Purpose: Spontaneous celiac artery dissection (CeAD) is a rare cause of acute abdominal pain. This study examined computed tomography (CT) scan findings, natural course, and outcomes of spontaneous CeAD.

Methods: Sixty patients who underwent CT scan and were diagnosed with CeAD between April 2003 and June 2023 were retrospectively reviewed. Patients with aortic dissection (n = 25), iatrogenic CeAD (n = 6), traumatic CeAD (n = 1), and celiac artery (CeA) aneurysm (n = 4) and those undergoing noncontrast-enhanced CT scans (n = 1) were excluded. The remaining 23 consecutive patients were divided into the acute symptomatic and chronic asymptomatic CeAD groups. Correlations between CT classification, treatment, and outcomes were investigated.

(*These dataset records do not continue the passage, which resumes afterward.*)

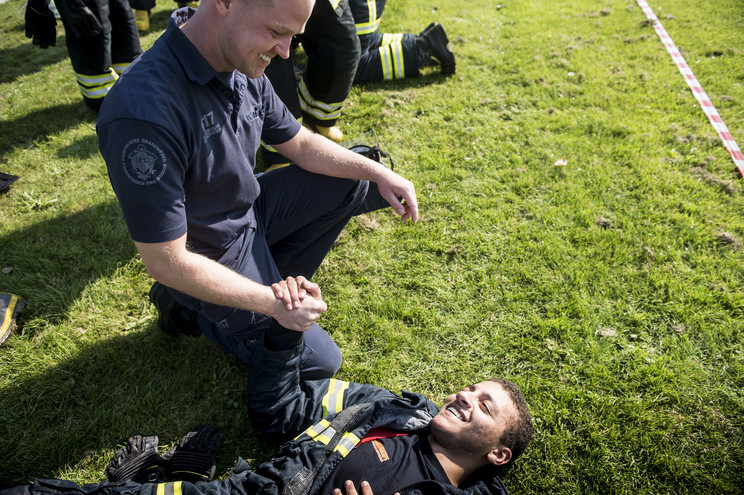 "With the grant for the project "Fire cadets in Denmark" VELUX FONDEN wish to motivate more young people from a number of the country's social housing areas to be part of a fire cadet corps. The young people will be trained in values such as courage, respect, solidarity and discipline. Through their participation in a fire cadet corps, we hope that they will be motivated and inspired in relation to education and future employment, "says director of VELUX FONDEN, Ane Hendriksen.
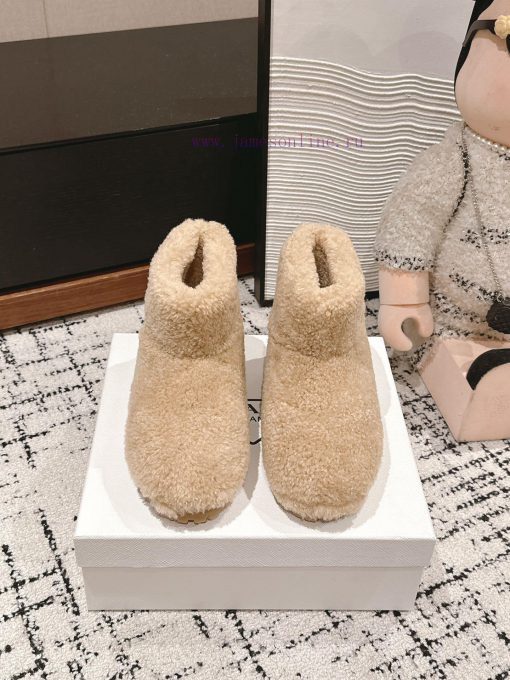 Top QualityPrada Fw24 New Arrival～P Home 2024 Autumn/Winter New Triangle Logo Hairy BootsHow Co 8r6vsz30 - Image 2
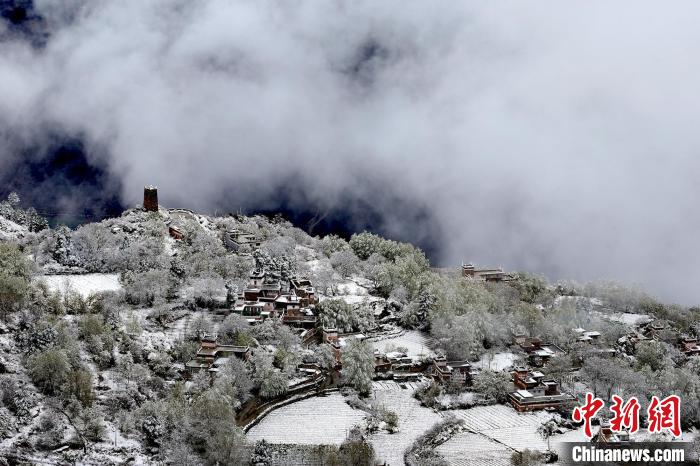 雪后的藏寨和碉楼构成美丽的雪景。　降初泽郎 摄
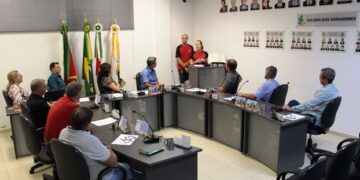 Grupo de danças alemãs apresenta atividades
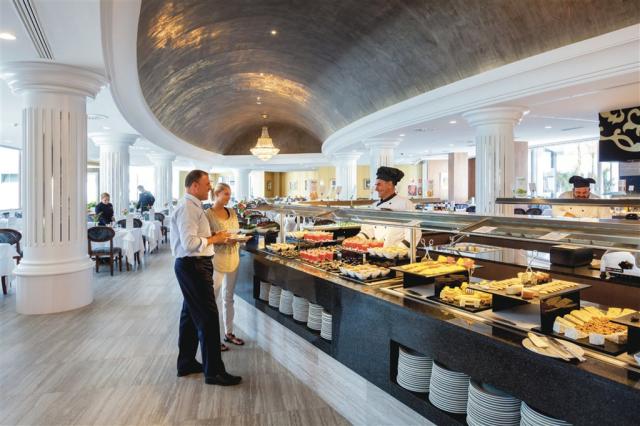 XTF_15_014 - Main restaurant.jpg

Results: Eighteen (78.2%) patients had hypertension requiring treatment. Of 23 patients, 18 were asymptomatic, and five had CeAD-related abdominal pain requiring hospitalization. Two had intraperitoneal bleeding. All hospitalized patients initially received conservative treatment. Upon the initial diagnosis, the mean CeA maximum outer diameter was 11.0 mm (range: 7-16). Ten (43.5%) patients had stenosis at the CeA origin. Based on CT findings from initial diagnosis to final follow-up, the outer diameter remained stable. CT showed that chronic CeAD was mostly Kim classification type IA or IB. In symptomatic patients, the dissection length on initial CT significantly decreased by final CT. No follow-up symptoms were related to CeAD, and the condition remained stable. No patients required vascular repair or surgery, and there were no deaths.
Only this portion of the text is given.